Firms can be at a competitive disadvantage to the specialized firms due to the distance of the
core product of the company to the other product. Some people view diversification as a
defensive strategy. Firms enter new markets to avoid non-attractive conditions or limited
potential in their current markets. Thus, they move from a position of weakness and not strength
which is usually the case for most firms which diversify into new markets. These firms diversify
to find new opportunities which are not available in their current market. The goal of achieving
sustainability and competitiveness can be achieved by diversifying. Diversified firms have to
compete in a series of individual markets. Diversification does have advantages. One of them is
that it derives cost efficiency rather than market power. International diversified firms can use all
their internal resources and capabilities to exploit the market imperfections existing in markets
around the globe. As a company diversifies itself in different countries managerial constraints
rise. The diversification strategies are influenced by the international experience of the top-level
management. Firms with high foreign operations tend to outperform those firms which have
medium or small foreign operations. Many researchers have researched to see how
diversification impacts the financial stability and profits of the company but unfortunately, the
results were inconclusive. Thus, we cannot say for certain if international diversification impacts
the profitability of a company or not. Diversification increases the number of destinations to
where the product can be exported while introducing new products at old markets, an exporter
can capitalize on different business options. There are many main growth strategies inside
market diversification. They are to increase the number of trade partners and export new
products to old markets.

Limitations

This research was based on the research done by other people.

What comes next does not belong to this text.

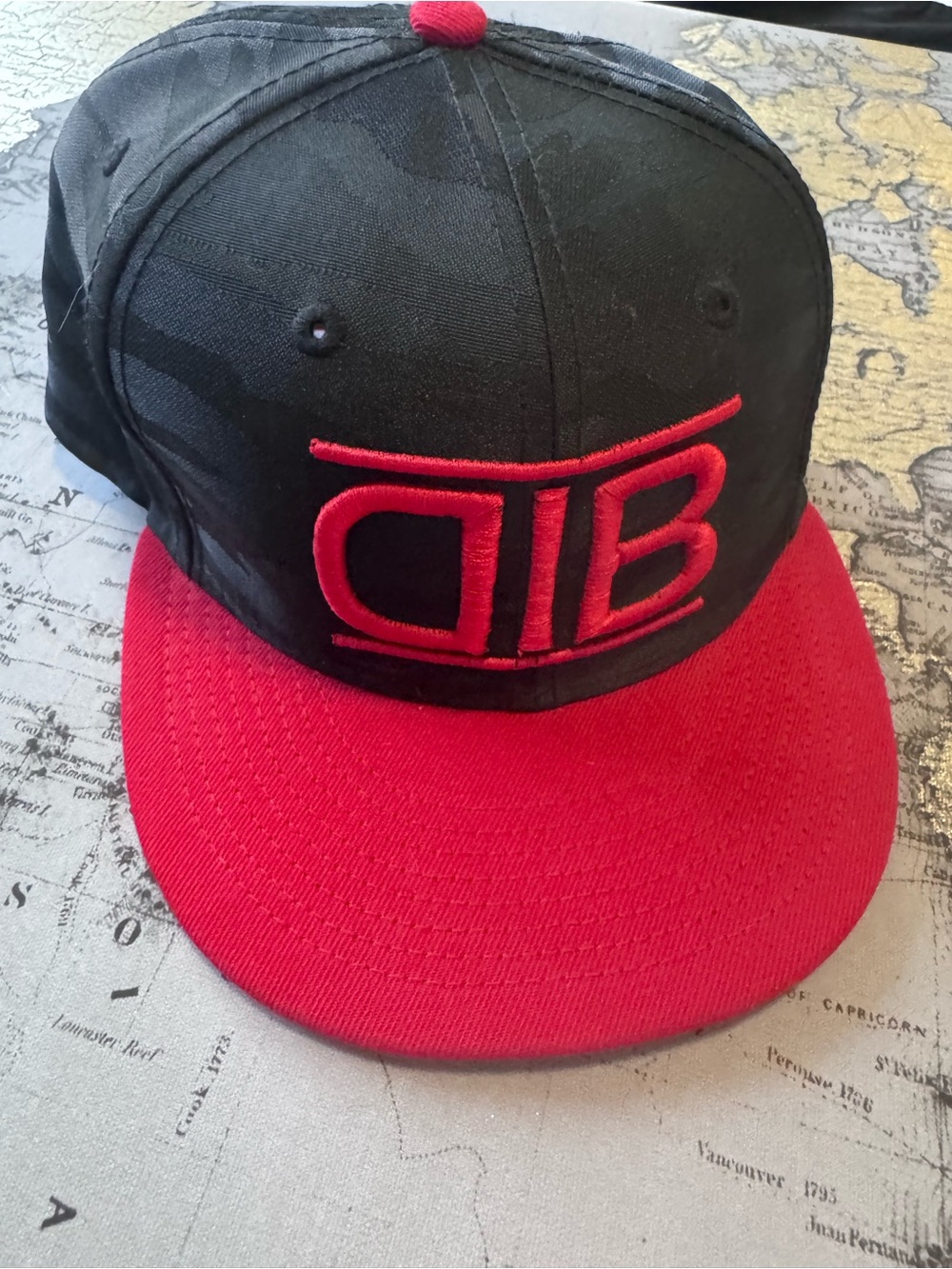 DIB Do It Big Clothing New Era 9FIFTY Snapback Hat Black Camo With Red Logo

Many researchers have been
researching market diversification. These people live in different parts of the world. The result
that each one has got is different to the other one. Thus, I cannot give a conclusive answer as to
whether the profitability of a firm improves after market diversification. The duration to do the
research was also very little as only 30 days were given to write this research paper
Conclusions

The growing development of the Indian Economy, the impact of globalization and the drive for
privatization have made the FMCG industry more competitive and very volatile.( Elvita Aguiar
and Reddy, Y. V.,2017) The main aim of any firm in the FMCG industry should be to satisfy the
wants and needs of its consumers with its product offerings. (Burak Acikgöz, 2018)The strategy
of market diversification contributes to sustaining a country’s export earnings slowly but surely
ensuring a wider bucket of varieties of merchandise as well as markets. (Redwan Ahmed, Md.

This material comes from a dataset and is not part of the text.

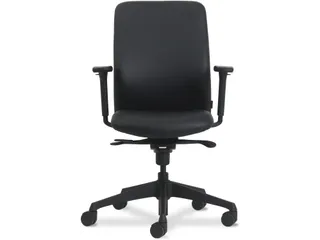 Bureaustoel NEN-EN 1335 Zwart Coupon Leder Zwart - 1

Al-Amin, Md. Tawhidul Islam, 2013) Companies engaging in international activities are rising.
They are doing this by expanding the geographical scale and scope of international operations.
Diversification being too heavy or too light in the global regions causes a downturn in financial
problems. According to the theories, diversified companies would have a higher return and
higher risk than unrelated diversified companies because of the positive correlation of synergies
and business among the related business units. (Myong Jae Lee, SooCheong (Shawn) Jang,
2007) The influence of regional differences and the increased cost of geographic coordination
may reduce the benefits associated with the increased scope of foreign operations. Hence, due to
varying results from across the globe, I cannot be hundred per cent sure that the profit of FMCG
Firms will increase after market diversification.